Extracted information:
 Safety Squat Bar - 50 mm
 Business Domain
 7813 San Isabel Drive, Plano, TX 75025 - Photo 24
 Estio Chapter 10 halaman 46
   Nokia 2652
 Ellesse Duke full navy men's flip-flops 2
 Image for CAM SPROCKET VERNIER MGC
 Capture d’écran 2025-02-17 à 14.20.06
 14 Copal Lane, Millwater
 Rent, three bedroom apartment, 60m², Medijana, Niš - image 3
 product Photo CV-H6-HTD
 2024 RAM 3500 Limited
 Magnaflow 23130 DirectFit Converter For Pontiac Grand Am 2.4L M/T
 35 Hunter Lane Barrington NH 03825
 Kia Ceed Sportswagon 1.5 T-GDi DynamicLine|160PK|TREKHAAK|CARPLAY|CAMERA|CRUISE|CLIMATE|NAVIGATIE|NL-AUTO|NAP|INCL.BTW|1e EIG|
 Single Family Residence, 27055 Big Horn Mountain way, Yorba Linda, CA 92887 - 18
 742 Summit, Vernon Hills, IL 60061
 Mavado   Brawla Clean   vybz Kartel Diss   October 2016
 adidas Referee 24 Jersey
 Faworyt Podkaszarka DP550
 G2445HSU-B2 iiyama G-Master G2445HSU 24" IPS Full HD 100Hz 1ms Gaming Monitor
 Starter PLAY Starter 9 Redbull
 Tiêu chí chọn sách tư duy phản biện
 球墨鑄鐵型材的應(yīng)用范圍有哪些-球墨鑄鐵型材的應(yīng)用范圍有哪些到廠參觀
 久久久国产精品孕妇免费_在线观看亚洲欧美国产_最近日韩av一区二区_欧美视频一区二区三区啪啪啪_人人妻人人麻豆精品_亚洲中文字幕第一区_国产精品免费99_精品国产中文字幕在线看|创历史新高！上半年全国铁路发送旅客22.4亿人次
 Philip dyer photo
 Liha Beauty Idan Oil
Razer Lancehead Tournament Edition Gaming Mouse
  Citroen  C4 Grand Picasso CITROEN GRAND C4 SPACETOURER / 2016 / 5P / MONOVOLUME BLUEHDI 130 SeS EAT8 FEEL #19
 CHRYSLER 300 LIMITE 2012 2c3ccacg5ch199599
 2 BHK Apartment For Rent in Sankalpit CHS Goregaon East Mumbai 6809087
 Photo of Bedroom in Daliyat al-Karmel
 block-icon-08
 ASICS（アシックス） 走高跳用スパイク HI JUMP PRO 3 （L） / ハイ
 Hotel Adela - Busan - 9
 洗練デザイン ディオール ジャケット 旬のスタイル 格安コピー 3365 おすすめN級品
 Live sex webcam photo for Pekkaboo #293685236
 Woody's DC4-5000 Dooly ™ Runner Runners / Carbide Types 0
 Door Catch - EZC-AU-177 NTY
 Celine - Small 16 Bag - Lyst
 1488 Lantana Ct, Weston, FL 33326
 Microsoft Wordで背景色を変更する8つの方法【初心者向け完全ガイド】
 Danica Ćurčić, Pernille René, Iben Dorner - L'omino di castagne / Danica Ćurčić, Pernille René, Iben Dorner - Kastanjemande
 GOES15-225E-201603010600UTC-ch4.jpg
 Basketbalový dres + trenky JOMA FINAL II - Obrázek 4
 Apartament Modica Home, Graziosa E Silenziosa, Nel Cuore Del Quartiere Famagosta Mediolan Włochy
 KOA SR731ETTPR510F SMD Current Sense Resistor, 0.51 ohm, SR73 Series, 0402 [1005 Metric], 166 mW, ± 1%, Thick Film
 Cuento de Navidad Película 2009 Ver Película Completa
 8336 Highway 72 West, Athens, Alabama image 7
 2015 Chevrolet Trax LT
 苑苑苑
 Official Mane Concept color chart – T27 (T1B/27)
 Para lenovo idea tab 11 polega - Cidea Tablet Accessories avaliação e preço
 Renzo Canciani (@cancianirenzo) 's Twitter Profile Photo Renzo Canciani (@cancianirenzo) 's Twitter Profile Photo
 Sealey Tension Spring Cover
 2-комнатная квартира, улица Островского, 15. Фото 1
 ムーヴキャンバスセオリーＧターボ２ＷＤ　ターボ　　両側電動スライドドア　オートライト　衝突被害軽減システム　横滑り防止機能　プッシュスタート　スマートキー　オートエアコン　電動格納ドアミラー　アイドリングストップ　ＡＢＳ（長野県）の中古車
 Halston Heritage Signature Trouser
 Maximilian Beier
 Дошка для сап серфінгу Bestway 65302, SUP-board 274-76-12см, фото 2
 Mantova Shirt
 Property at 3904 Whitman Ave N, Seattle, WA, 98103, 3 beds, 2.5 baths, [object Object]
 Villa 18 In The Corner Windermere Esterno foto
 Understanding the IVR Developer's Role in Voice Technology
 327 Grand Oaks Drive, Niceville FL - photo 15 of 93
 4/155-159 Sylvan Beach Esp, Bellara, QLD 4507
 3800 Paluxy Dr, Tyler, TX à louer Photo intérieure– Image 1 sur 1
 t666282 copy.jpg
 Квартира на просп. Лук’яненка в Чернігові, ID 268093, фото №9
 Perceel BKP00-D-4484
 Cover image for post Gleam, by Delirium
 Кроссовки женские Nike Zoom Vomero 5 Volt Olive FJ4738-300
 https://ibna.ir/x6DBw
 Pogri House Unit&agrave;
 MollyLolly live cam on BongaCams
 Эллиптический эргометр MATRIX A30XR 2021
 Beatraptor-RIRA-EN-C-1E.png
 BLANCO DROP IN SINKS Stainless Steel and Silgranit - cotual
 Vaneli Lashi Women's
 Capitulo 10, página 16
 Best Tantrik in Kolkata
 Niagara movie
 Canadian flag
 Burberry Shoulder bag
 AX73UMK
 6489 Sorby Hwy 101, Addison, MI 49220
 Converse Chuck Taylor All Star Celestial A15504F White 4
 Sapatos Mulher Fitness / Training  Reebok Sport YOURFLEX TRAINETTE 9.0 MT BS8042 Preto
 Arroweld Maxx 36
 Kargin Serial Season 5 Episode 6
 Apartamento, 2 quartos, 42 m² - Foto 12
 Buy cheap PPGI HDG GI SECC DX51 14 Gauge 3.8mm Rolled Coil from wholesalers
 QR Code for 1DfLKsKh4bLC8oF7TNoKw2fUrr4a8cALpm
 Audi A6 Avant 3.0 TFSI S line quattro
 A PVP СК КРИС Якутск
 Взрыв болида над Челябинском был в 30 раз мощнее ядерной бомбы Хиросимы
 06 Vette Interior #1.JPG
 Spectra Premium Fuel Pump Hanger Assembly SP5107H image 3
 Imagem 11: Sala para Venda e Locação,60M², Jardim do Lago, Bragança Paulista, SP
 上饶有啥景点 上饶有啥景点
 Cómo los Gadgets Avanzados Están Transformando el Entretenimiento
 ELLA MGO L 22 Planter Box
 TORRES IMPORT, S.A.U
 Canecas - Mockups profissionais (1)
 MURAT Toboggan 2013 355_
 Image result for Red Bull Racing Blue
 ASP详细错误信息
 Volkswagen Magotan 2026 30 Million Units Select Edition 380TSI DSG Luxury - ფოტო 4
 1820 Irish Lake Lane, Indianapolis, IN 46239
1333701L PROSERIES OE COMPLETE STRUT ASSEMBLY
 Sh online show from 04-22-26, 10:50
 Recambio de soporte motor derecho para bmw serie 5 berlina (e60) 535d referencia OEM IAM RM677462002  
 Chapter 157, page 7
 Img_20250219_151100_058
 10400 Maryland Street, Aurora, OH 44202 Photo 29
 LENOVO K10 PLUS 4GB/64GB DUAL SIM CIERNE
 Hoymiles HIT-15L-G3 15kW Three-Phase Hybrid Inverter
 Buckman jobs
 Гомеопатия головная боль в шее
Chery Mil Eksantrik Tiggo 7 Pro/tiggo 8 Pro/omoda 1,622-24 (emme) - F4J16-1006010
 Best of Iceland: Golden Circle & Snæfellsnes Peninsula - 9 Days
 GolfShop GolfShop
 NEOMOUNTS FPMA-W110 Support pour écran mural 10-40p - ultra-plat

Activity:
Only the lines from the one holding "ELLA MGO L 22 Planter Box" through the end of the listing should be given again, exactly and with both ends included.

Exercise solution:
 ELLA MGO L 22 Planter Box
 TORRES IMPORT, S.A.U
 Canecas - Mockups profissionais (1)
 MURAT Toboggan 2013 355_
 Image result for Red Bull Racing Blue
 ASP详细错误信息
 Volkswagen Magotan 2026 30 Million Units Select Edition 380TSI DSG Luxury - ფოტო 4
 1820 Irish Lake Lane, Indianapolis, IN 46239
1333701L PROSERIES OE COMPLETE STRUT ASSEMBLY
 Sh online show from 04-22-26, 10:50
 Recambio de soporte motor derecho para bmw serie 5 berlina (e60) 535d referencia OEM IAM RM677462002  
 Chapter 157, page 7
 Img_20250219_151100_058
 10400 Maryland Street, Aurora, OH 44202 Photo 29
 LENOVO K10 PLUS 4GB/64GB DUAL SIM CIERNE
 Hoymiles HIT-15L-G3 15kW Three-Phase Hybrid Inverter
 Buckman jobs
 Гомеопатия головная боль в шее
Chery Mil Eksantrik Tiggo 7 Pro/tiggo 8 Pro/omoda 1,622-24 (emme) - F4J16-1006010
 Best of Iceland: Golden Circle & Snæfellsnes Peninsula - 9 Days
 GolfShop GolfShop
 NEOMOUNTS FPMA-W110 Support pour écran mural 10-40p - ultra-plat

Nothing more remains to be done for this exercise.